If i was so bold to blatantly state that I believe in fate and destiny then more logical individuals would think me silly. I honestly can’t say, but It is interesting watching things in my life unfold. Yes, I tend to step outside of myself (which is something that I think more people should do). I guess that is what makes me a ‘good writer’, my ability to be objective with almost EVERYTHING. It doesn’t mean I am emotionless, rather I am realistic, honest and observant. I am sure there are many who might disagree, those same people will also surely tell you I am extremely emotional and on occasion quite irrational, or even dramatic. But this is MY BLOG, so STFU!
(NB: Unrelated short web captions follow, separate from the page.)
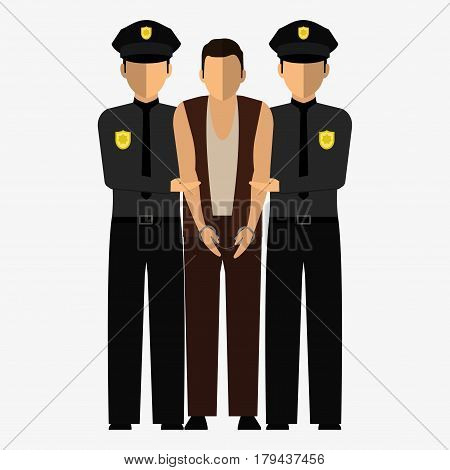 Criminal, Offender And Police Officer. Illustration, Elements For Design.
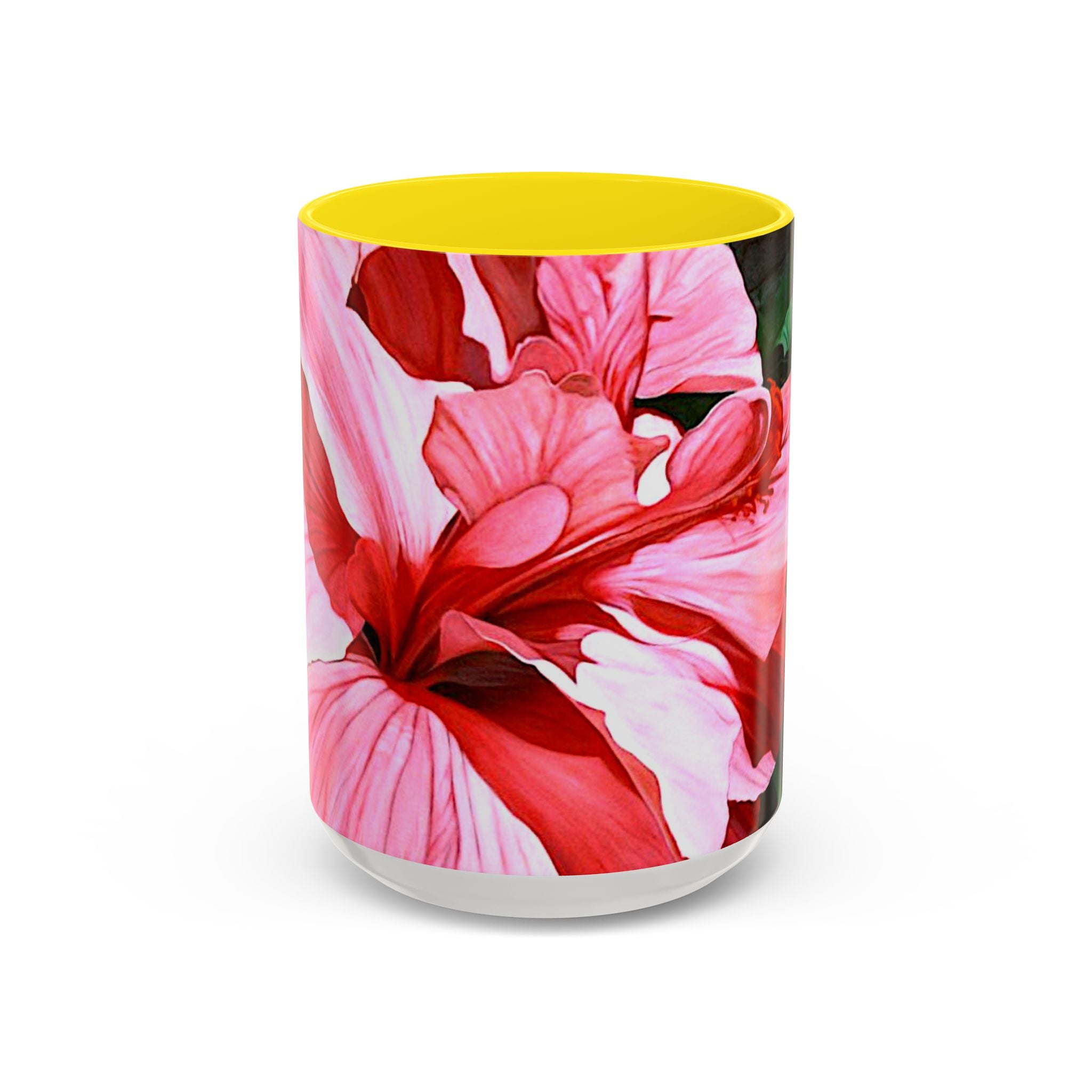 Coffee Mug Pink Hibiscus Painting (11, 15oz)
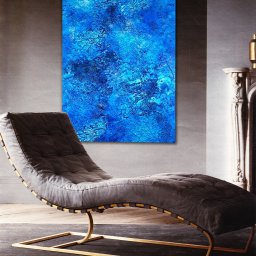 The Blue Series by Jennifer Rae Ochs 36 x 60 Mixed Media, Acrylics on Canvas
Well, as is my character, I digress. I am one lucky former-son of a bitch, or perhaps destined for greatness. I mean, I say all this now, but there was a time when I thought very little of myself and was, in fact, quite depressed. I’d say for the majority of my 27 years on this earth that has been the case (for as long as I was aware of such a thing anyway). Though I am quite content at the moment with the hand Ive been dealt by life, the universe, or God. I am content with where circumstances have landed me and with what opportunities have afforded me. Right here, and right now; I am happy.
But let me introduce myself. My name is Jasmine Yvette McKay, well it is now. As of May 2011, I finally, after about 3 1/2 years, had my name legally changed. They also went ahead and put an ‘F’ on my state I.D. Lucky me! Oh there goes that notion of luck again! I mean, I seriously was in the process of being kicked out of my mother’s house for the 3rd or 4th time. That time was a rather brief stint of a month, where I had to ‘peel’ and dawn men’s clothes, which I hadn’t done in years. It was a condition to being under my mother’s roof. She would allow her son, and not whatever it was I had become, shelter. Even then, I was lucky, though I might not have felt it. I see it now. In fact almost every adverse obstacle I might have endured, in hind sight, was likely a good thing. It makes me who I am.
A brief anecdote; If you have ever seen the show The Misfits, the British sci-fi/comedy series about 5 young offenders who obtain mysterious powers from a hail storm in Asbo, you might recall the moments where they played with the idea of disrupting the time space continuum. Or honestly in almost any science fiction that involves such a thing. Asthon Kutcher’s The Butterfly Effect for instance shows us that sometimes bad things have to happen in order for the future (or the present) to turn out ‘good’, whatever that might mean. Perhaps we simply endure so much pain and strife that we learn to appreciate anything slightly ‘better’ than the past.
That is how I feel. I’ve endured a shit ton of horrible and unfortunate events that I would rather have done with out, but I know that if I hadn’t I wouldn’t be who I am where I am. So who am I?
I don’t think there is a finite answer to that question. What I do know is this; I’ll never be the same person twice.